#!/usr/bin/env python3
"""Estimate DeepSeek V4 (Pro/Flash) inference memory usage.

Based on config.json from HuggingFace:
  https://huggingface.co/deepseek-ai/DeepSeek-V4-Pro/blob/main/config.json

Key differences from traditional MHA/GQA/MLA:
  - K=V sharing (no 2x coefficient) + inverse RoPE
  - Cross-token compression: c4a (1/4) and c128a (1/128)
  - Heterogeneous layers: 30 c4a + 31 c128a
  - c4a layers have additional Indexer Cache
  - MoE: 384 routed experts + 1 shared, top-6 per token
  - Mixed precision: FP8 weights, FP8 KV, FP4 indexer (production)

Reference:
  - memory_analysis.md section 4.6
  - vllm/module_analysis/vllm_deepseek_v4.md
"""

import argparse, json, os, sys

def format_size(b):
    if b < 1024: return f"{b:,.0f} B"
    elif b < 1024**2: return f"{b/1024:,.2f} KiB"
    elif b < 1024**3: return f"{b/1024**2:,.2f} MiB"
    else: return f"{b/1024**3:,.2f} GiB"

def parse_args():
    p = argparse.ArgumentParser(description="DeepSeek V4 memory estimator")
    p.add_argument("--config", default=None, help="Path to config.json")
    p.add_argument("--gpu-mem-gib", type=float, default=80.0, help="GPU memory budget (GiB)")
    p.add_argument("--overhead-gib", type=float, default=2.0, help="Reserved overhead (GiB)")
    p.add_argument("--scenarios", type=int, nargs="*", default=[512,4096,32768,131072,1048576], help="Sequence lengths for B_max")
    p.add_argument("--num-gpus", type=int, default=8, help="Number of GPUs")
    return p.parse_args()

DEFAULT_URL = "https://huggingface.co/deepseek-ai/DeepSeek-V4-Pro/raw/main/config.json"
DEEPSEEK_V4_PRO = {"total_params": 1.6e12, "active_params_per_token": 37e9}

def load_config(path):
    if path and os.path.exists(path):
        with open(path) as f: return json.load(f)
    local = os.path.join(os.path.dirname(__file__), "deepseek_v4_pro_config.json")
    if os.path.exists(local):
        with open(local) as f: return json.load(f)
    try:
        import urllib.request
        print(f"Downloading config from {DEFAULT_URL} ...")
        return json.loads(urllib.request.urlopen(DEFAULT_URL).read())
    except Exception as e:
        print(f"Failed: {e}", file=sys.stderr); sys.exit(1)
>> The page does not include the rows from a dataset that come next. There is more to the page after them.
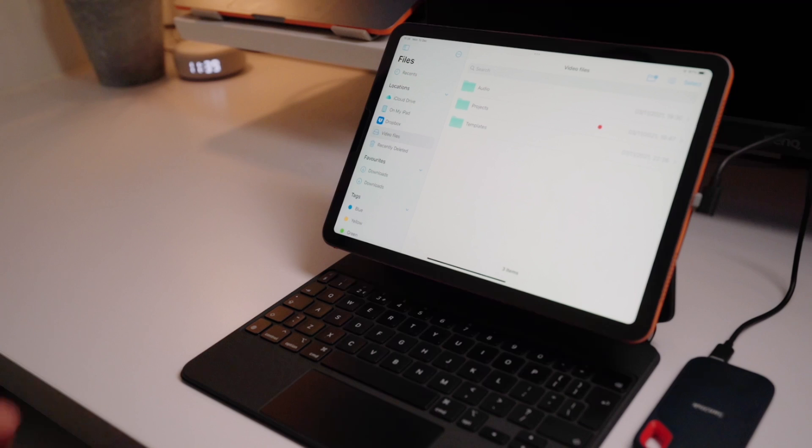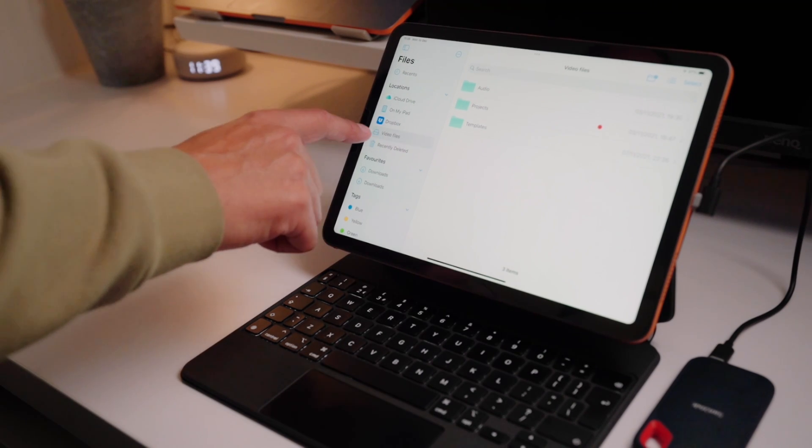If you do a lot of work on computers you'll know that you need to safely remove hard drives — if you don't, it can damage the drives. On computers and laptops there's always a little button next to your hard drive in the finder menu, but you'll notice this isn't there on an iPad. There's also no option to eject the drive. Even if you tap and hold on the drive you can't actually eject it properly. How iPads work is the drives just sit idle until you're actually using them.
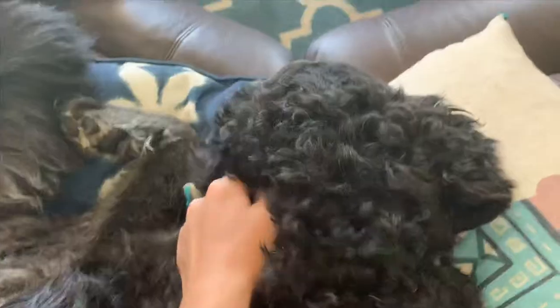Hey guys, welcome back to the Good Show. In today's video we're gonna be setting up my bait tank. We have everything set up, we're just gonna fill it up with water. Looks like my fish are doing good.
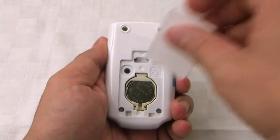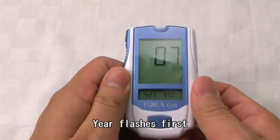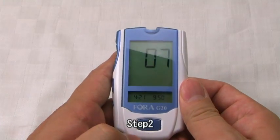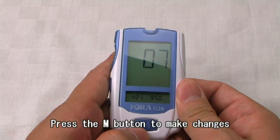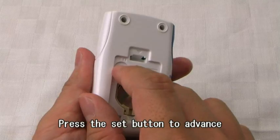Set the Meter. Step 1: Press the Set button to start setting. The year flashes first. Step 2: Press the M button to make changes. Press the Set button to advance.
def classify_layers(ratios):
    c4a, c128a, swa, other = [], [], [], []
    for i, r in enumerate(ratios):
        if r == 4: c4a.append(i)
        elif r == 128: c128a.append(i)
        elif r == 0: swa.append(i)
        else: other.append((i, r))
    return c4a, c128a, swa, other

def calculate_deepseek_v4_memory(args):
    cfg = load_config(args.config)

    L_total = cfg["num_hidden_layers"]
    H = cfg["hidden_size"]
    N_attn = cfg["num_attention_heads"]
    N_kv = cfg["num_key_value_heads"]
    head_dim = cfg.get("kv_lora_rank", cfg.get("head_dim", 512))
    d_kv = head_dim
    d_idx = cfg.get("index_head_dim", 128)
    idx_n_heads = cfg.get("index_n_heads", 64)
    idx_topk = cfg.get("index_topk", 1024)
    W = cfg.get("sliding_window", 128)
    max_S = cfg["max_position_embeddings"]
    vocab_size = cfg.get("vocab_size", 129280)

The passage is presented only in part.